On se souvient de la sortie en 2015 du film Sicario (1) réalisé par le Canadien Denis Villeneuve, qui racontait le parcours désillusionné de l’agent du FBI Kate Macer (Emily BLUNT) au sein d’une unité spéciale anti-narco dirigée par Matt Graver (Josh BROLIN) et Alejandro Gillick (Benicio DEL TORO). Le premier ayant baroudé sur les grands théâtres d’opération de l’Amérique contemporaine, est un agent de la CIA, spécialiste des « sales missions » pour lesquelles la fin justifie les moyens (2). Le second est un ancien avocat mexicain dont la famille a été massacrée par un cartel, et qui ne vit plus que pour la vengeance. La loyauté institutionnelle et le légalisme de Kate Macer seront emportés dans cette lutte clandestine contre le cartel de Juarez.
Efficace, violent et sombre, ce premier thriller a rencontré un succès qui est désormais le point de départ d’une franchise avec la sortie le 27 juin 2018 de Sicario 2 : la guerre des cartels (3). Réalisé cette fois par l’Italien Stefano SOLLIMA (4), La guerre des cartels reprend la trame et les codes du premier opus tout en gardant son tempo et son efficacité. Le scénario reste bien ficelé mais il recentre davantage sur Matt et Alejandro (5) dont les états d’âme humanisent les personnages.
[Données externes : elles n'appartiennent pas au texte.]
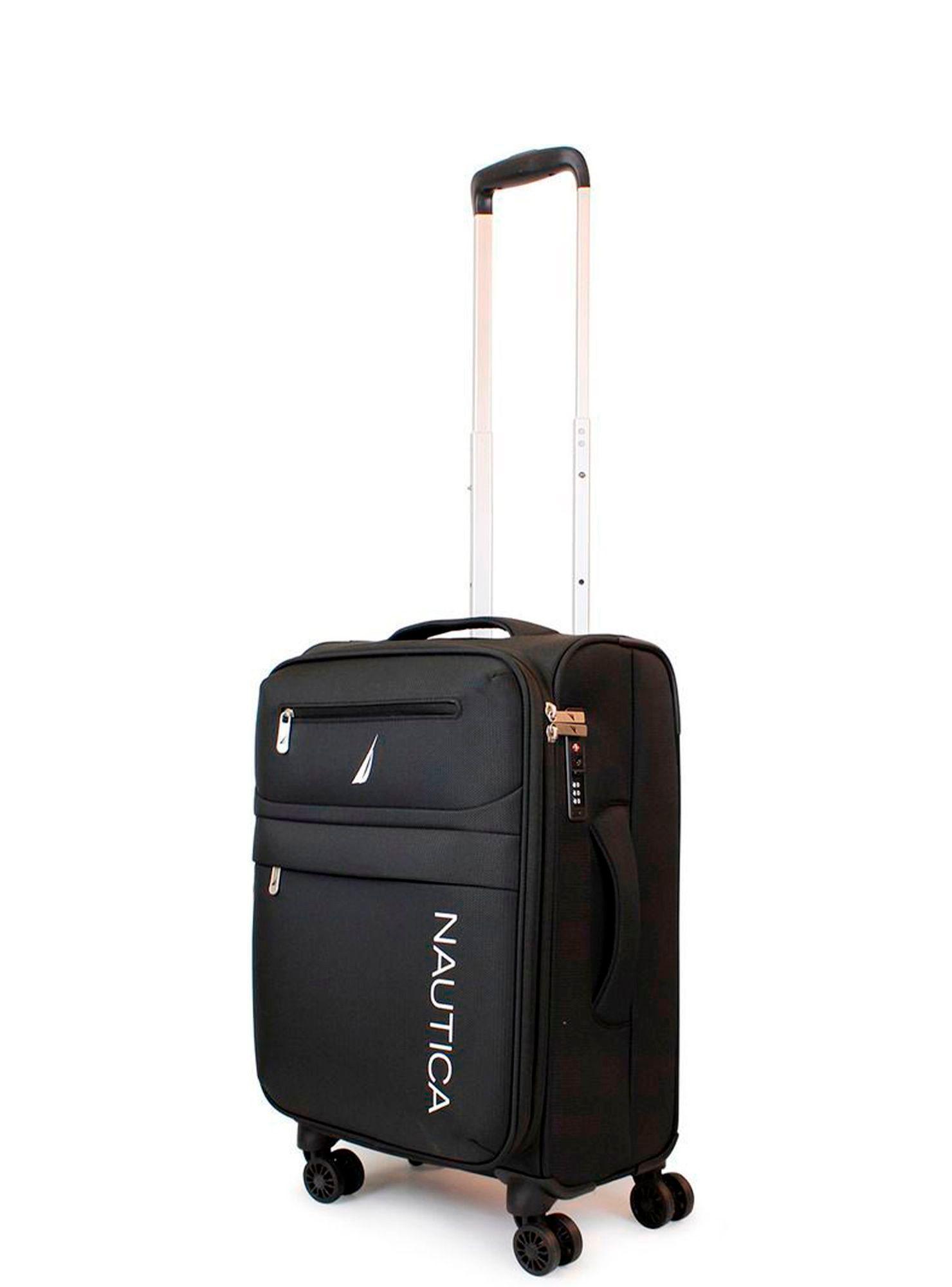 Set de 3 maletas blandas de tela S+M+L Nautica Munich negra-3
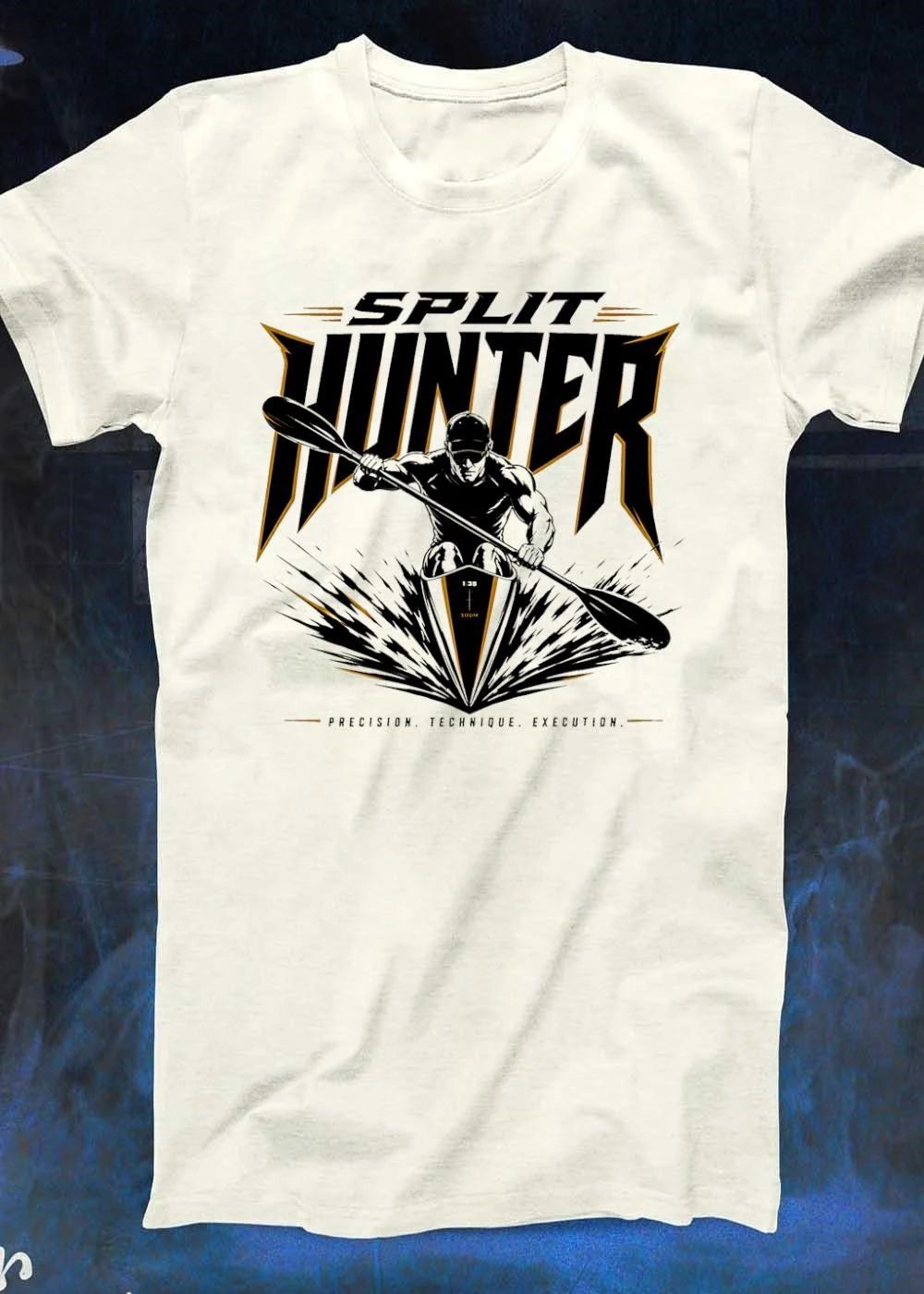 Split Hunter Kayaking Sprint Athlete Precision Technique Execution 2026 Competition T-Shirt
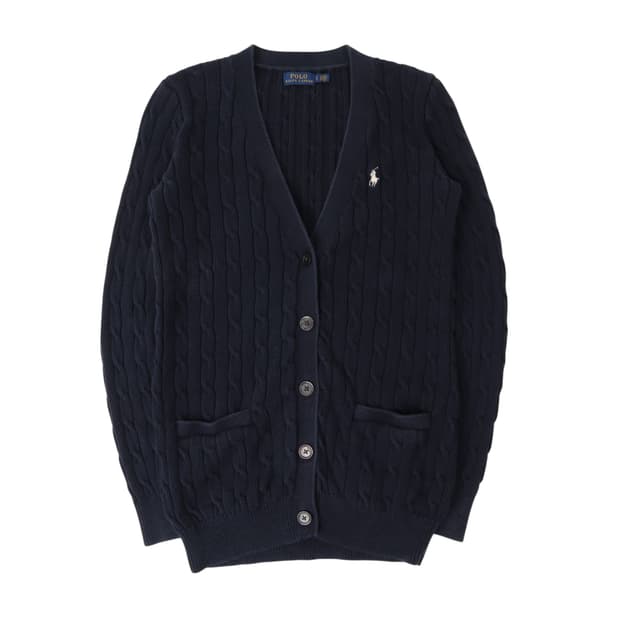 폴로 랄프로렌 네이비 케이블 니트 가디건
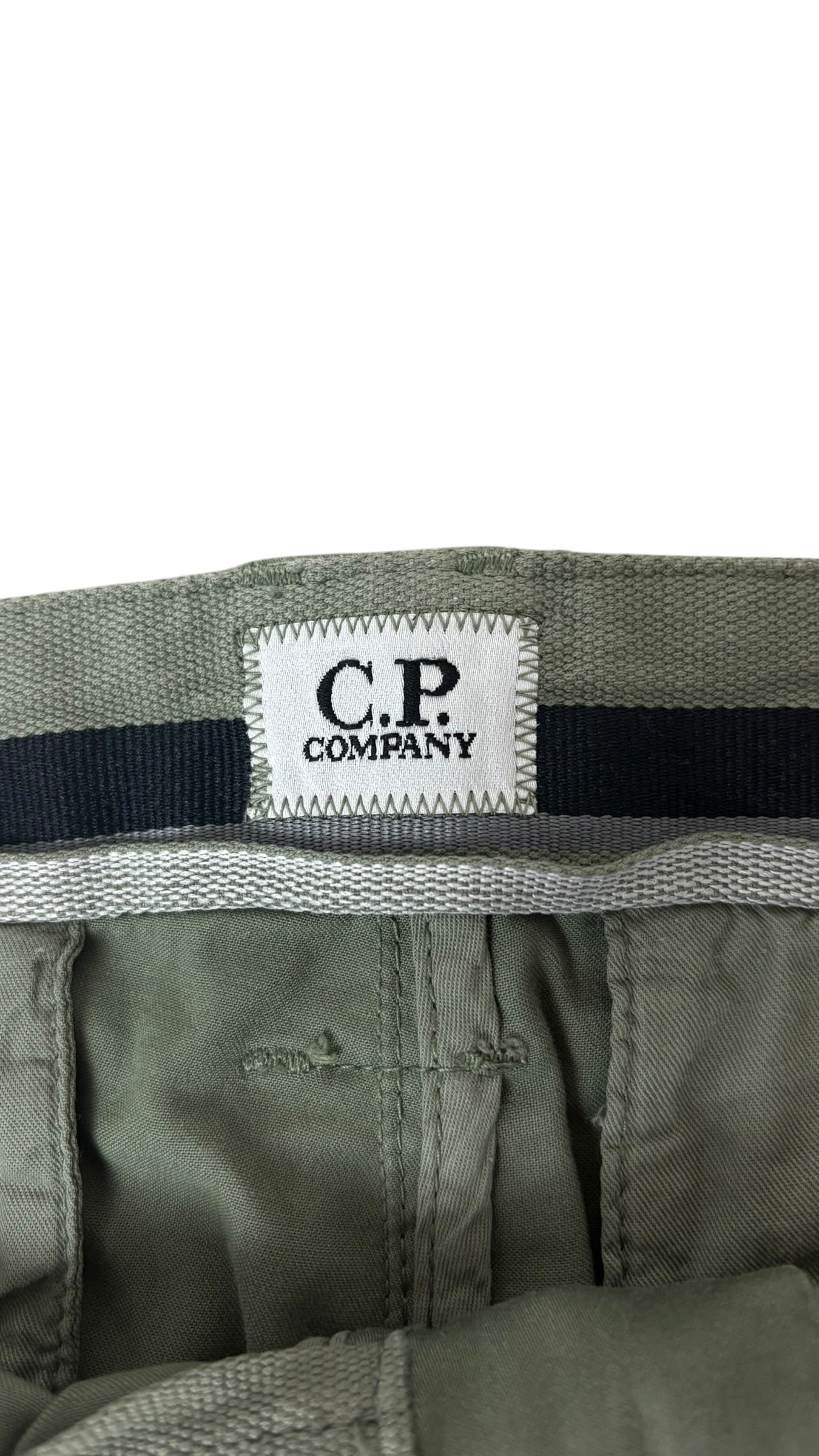 Pantalon C.P Company kaki taille PANTALON 48 - Logo et étiquette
Perçu, en effet, comme un cynique manipulateur, Matt Graver est désormais aux prises avec un Department of Defense (DoD) qui l’engage dans des « opérations grises » sans vouloir l’assumer. Ce qui le conduit à devoir sacrifier Alejandro qu’il estime. De son côté, Alejandro ne fait plus figure de tueur froid et machiavélique, ce qu’il était dans Sicario. Au contact de la fille de celui qui pourtant a fait assassiner les siens, il ne peut s’empêcher de retrouver le souvenir de sa propre fille… Dans La guerre des cartels que les États-Unis cherchent à déclencher afin d’affaiblir à la fois le narcotrafic et la pression migratoire, il n’y a pas de héros au sens classique et manichéen du terme, et tous les choix sont de mauvais choix.
Sans avoir l’originalité du premier Sicario, Sicario 2 est bien réalisé. Les moyens techniques sont présents et témoignent encore une fois de la présence plus ou moins directe du Pentagone dans le cinéma américain. Le film se fait l’expression des grands thèmes d’actualité que sont les flux migratoires, l’économie des passeurs, le narcotrafic, la corruption de la police mexicaine, la puissance militaire américaine pas si puissante avec un gouvernement aussi prompt à se désengager que tenté par des voies non légales…
Surtout, ce deuxième épisode fait intervenir la problématique du terrorisme islamiste, ce dernier tentant d’utiliser les migrations transfrontalières Mexique/Etats-Unis pour aller frapper au cœur de la société étatsunienne. Si l’essentiel de l’histoire a pour cadre géographique le Mexique et le sud des Etats-Unis, on observera un intéressant détour en Somalie et dans la base américaine de Djibouti (Camp Lemonnier) en début de film. Touchant le sujet du livre de Jean-François GAYRAUD, Sicario 2 : la guerre des cartels nous parle de la dangereuse hybridation des menaces contemporaines.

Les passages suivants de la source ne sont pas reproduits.